CASH RETENTION AWARD AGREEMENT
Exhibit 10.1
RECITALS
A. | Apollo Group, Inc. is implementing this special cash retention award to encourage key employees and officers of the Apollo Group, Inc. or one or more of its Subsidiaries (collectively “the Company”) to remain in the employ of the Company by providing Participants with the opportunity to earn a cash amount pursuant to the terms of this Cash Retention Award Agreement (“Agreement”) by remaining employed with the Company through the retention dates set forth in the Agreement. |
B. | All capitalized terms in this Agreement shall have the meaning assigned to them in the attached Appendix A. |
NOW, THEREFORE, it is hereby agreed as follows:
AWARD SUMMARY
Cash Retention Award. The Company hereby awards to the Participant, as of the Award Date indicated below, a cash retention award (the “Award”) entitling the Participant to a cash amount that is earned if the Participant meets the Service-vesting requirements set forth in this Agreement. The dates on which the actual cash amount earned under the Award shall become payable and the remaining terms and conditions governing the Award, including the applicable Service-vesting requirements, shall be as set forth in this Agreement.
Participant: | NAME OF EXECUTIVE |
Award Date: | October XX, 2012 |
Retention Bonus Amount: | The total cash amount of the Award that may become payable pursuant to this Agreement shall be $XXXXXX |
Vesting Schedule: | The Award shall vest in two (2) successive equal annual installments. Fifty percent (50%) of the Award shall vest on September 15, 2013 and the remaining fifty percent (50%) on September 15, 2014, provided that the Participant remains continuously in Service with the Company through each such annual vesting date. There will be no pro-rata vesting of the Award. |
1. | Limited Transferability. Prior to the actual payment of the Award, the Participant may not assign, transfer, pledge or otherwise encumber any interest in this Award or any cash amount that may become payable hereunder, and the Participant shall at all times remain a general creditor of the Company with respect to any amount that becomes payable pursuant to this Agreement. However, the Participant’s right to any portion of the Award that vests but otherwise remains unpaid at the time of the Participant’s death may be transferred pursuant to the provisions of the Participant’s will or the laws of inheritance or to the Participant’s designated beneficiary or beneficiaries of this Award. The Participant may make such a beneficiary designation at any time by filing the appropriate form with the Company. |
2. | Payment of Bonus Amount. |
(a) | Each installment of the Award that vests and becomes payable to the Participant under this Agreement shall be paid within thirty (30) days following the applicable vesting date. The payment shall be subject to the Company’s collection of the applicable Withholding Taxes, and the |
Participant shall only receive the net amount of the Award remaining after such Withholding Taxes have been collected.

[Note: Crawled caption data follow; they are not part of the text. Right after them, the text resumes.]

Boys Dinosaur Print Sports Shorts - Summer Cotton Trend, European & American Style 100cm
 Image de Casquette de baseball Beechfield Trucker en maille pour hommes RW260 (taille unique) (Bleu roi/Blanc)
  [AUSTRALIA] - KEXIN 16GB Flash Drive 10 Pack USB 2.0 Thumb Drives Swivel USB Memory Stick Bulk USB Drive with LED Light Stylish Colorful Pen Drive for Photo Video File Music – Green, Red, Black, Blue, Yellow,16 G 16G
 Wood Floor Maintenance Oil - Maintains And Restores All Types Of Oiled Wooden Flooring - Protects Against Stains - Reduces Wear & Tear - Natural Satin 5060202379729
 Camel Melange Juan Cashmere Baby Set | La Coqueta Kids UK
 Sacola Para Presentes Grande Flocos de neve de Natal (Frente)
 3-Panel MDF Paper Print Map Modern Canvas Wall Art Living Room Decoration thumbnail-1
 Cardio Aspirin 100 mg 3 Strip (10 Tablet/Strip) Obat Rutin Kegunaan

(b) | Except as otherwise provided in Paragraphs 3 and 4, no portion of the Award shall be paid prior to the applicable vesting date for that portion of the Award. |
3. | Change in Control. Should a Change in Control of the Company occur prior to September 15, 2014, any unvested portion of the Award will vest in full on an accelerated basis on the date the Change in Control is consummated and shall be paid to Participant on the effective date of the Change in Control, or as soon thereafter as administratively practicable, but in no event later than the fifteenth (15th) day of the third (3rd) calendar month following the effective date of that Change in Control. The payment shall be subject to the Company’s collection of the applicable Withholding Taxes, and the Participant shall only receive the net amount of the Award remaining after such Withholding Taxes have been collected. |
4. | Termination of Service |
(a) | If the Participant’s Service with the Company is terminated as a result of an Involuntary Termination, then the Participant shall, upon satisfaction of the Release Condition set forth in Paragraph 4(b) below, vest in any unvested portion of the Award. The portion of the Award that vests on such accelerated basis will be paid to the Participant within the sixty (60)-day period following the date of Participant’s Involuntary Termination; provided, however, that should such sixty (60)-day period span two taxable years, the issuance shall be effected during the portion of that period that occurs in the second taxable year. |
(b) | The accelerated vesting of the unvested portion of the Award at the time of Participant’s Involuntary Termination shall be contingent upon Participant’s satisfaction of the following requirements (collectively the “Release Condition”): (i) Participant must execute and deliver to the Company, within twenty-one (21) days (or forty-five (45) days to the extent such longer period is required under applicable law) after the effective date of such Involuntary Termination, a comprehensive general release (in the form provided by the Company at the time of such Involuntary Termination) releasing the Company and its officers, directors, employees, stockholders, subsidiaries, affiliates, representatives and other related parties from all claims that the Participant may have with respect to such parties relating to or arising from Participant’s employment with the Company and the termination of that employment relationship and containing such confidentiality, non-solicitation, non-disparagement and non-competition covenants as the Company deems satisfactory under the circumstances and (ii) such release must become effective and enforceable under applicable law after the expiration of any applicable revocation periods under federal or state law. |
(c) | If the Participant’s Service with the Company terminates for any reason other than an Involuntary Termination, any portion of the Award that is unvested as of the date of such termination of Service will be forfeited. |
5. | Code Section 409A |
(a) | It is the intention of the parties that the provisions of this Agreement shall comply with the requirements of the short-term deferral exception to Section 409A of the Code and Treasury Regulations Section 1.409A-1(b)(4). Accordingly, to the extent there is any ambiguity as to |
whether one or more provisions of this Agreement would otherwise contravene the requirements or limitations of Code Section 409A applicable to such short-term deferral exception, then those provisions shall be interpreted and applied in a manner that does not result in a violation of the requirements or limitations of Code Section 409A and the Treasury Regulations thereunder that apply to such exception.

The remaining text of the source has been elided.